YOUR INSTRUCTIONS. Everything from the line containing "Фото пожарных чернобыля после пожара лица" through the final line of the entries must be repeated exactly, and only that, without pictures.

RECORDS FOR THE EXERCISE.
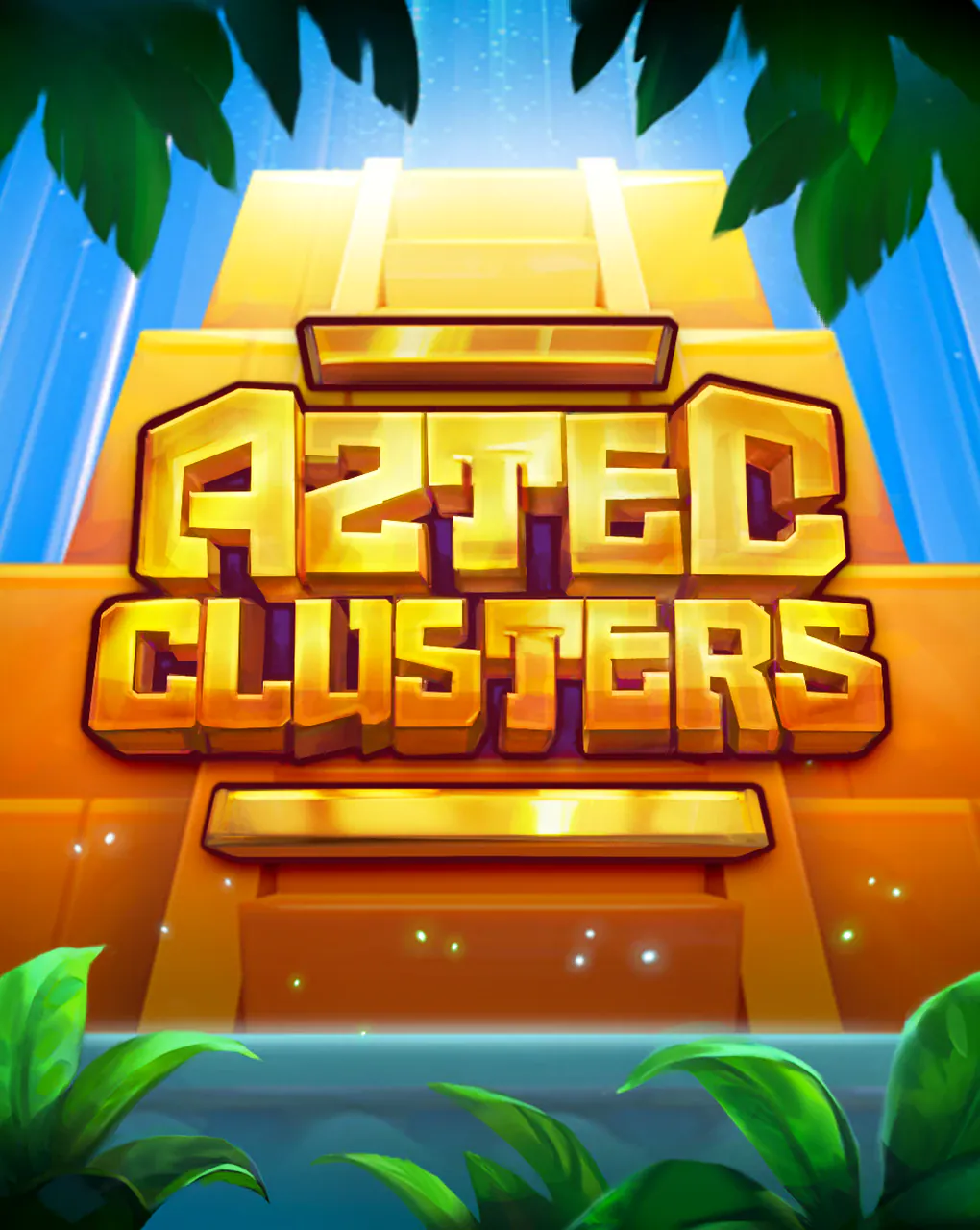 Bgaming : Aztec Clusters - CSPLAY168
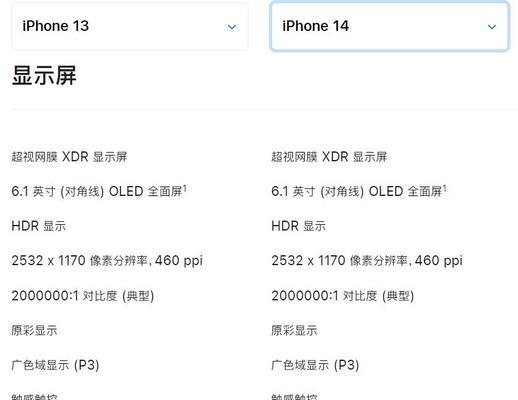 iPhone13pro对比12pro：哪个更值得买？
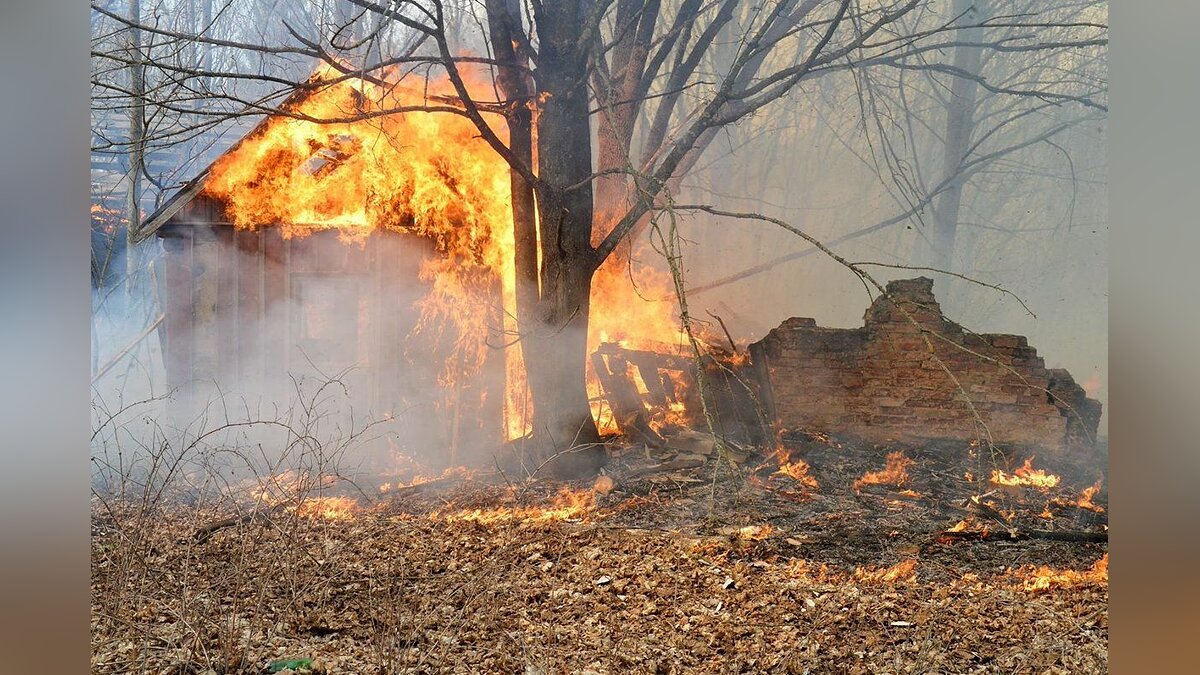 Фото пожарных чернобыля после пожара лица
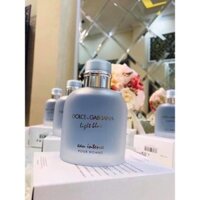 Dolce Gabbana Light Blue Eau Intense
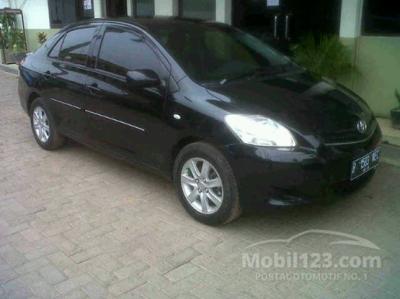 2009 Toyota Vios NCP93 1.5 G Sedan promo bergaransi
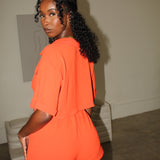 Weekend Vibe Short Set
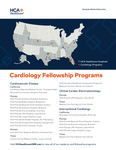 HCA Healthcare GME Cardiology by HCA Healthcare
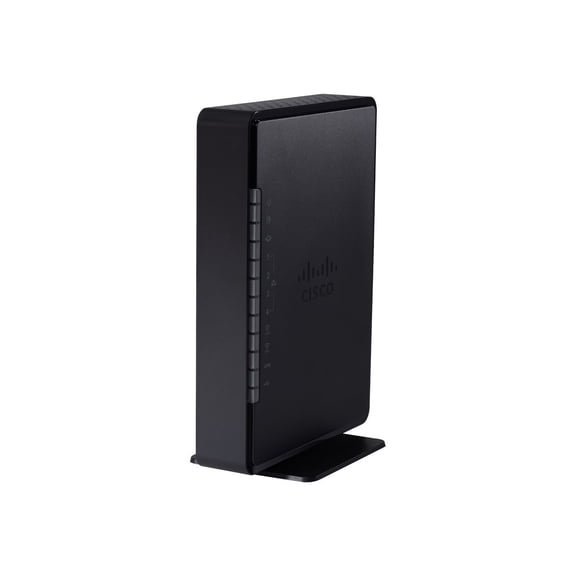 Cisco RV134W IEEE 802.11ac VDSL2, Ethernet Modem/Wireless Router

YOUR RESPONSE.
 Фото пожарных чернобыля после пожара лица
 Dolce Gabbana Light Blue Eau Intense
 2009 Toyota Vios NCP93 1.5 G Sedan promo bergaransi
 Weekend Vibe Short Set
 HCA Healthcare GME Cardiology by HCA Healthcare
 Cisco RV134W IEEE 802.11ac VDSL2, Ethernet Modem/Wireless Router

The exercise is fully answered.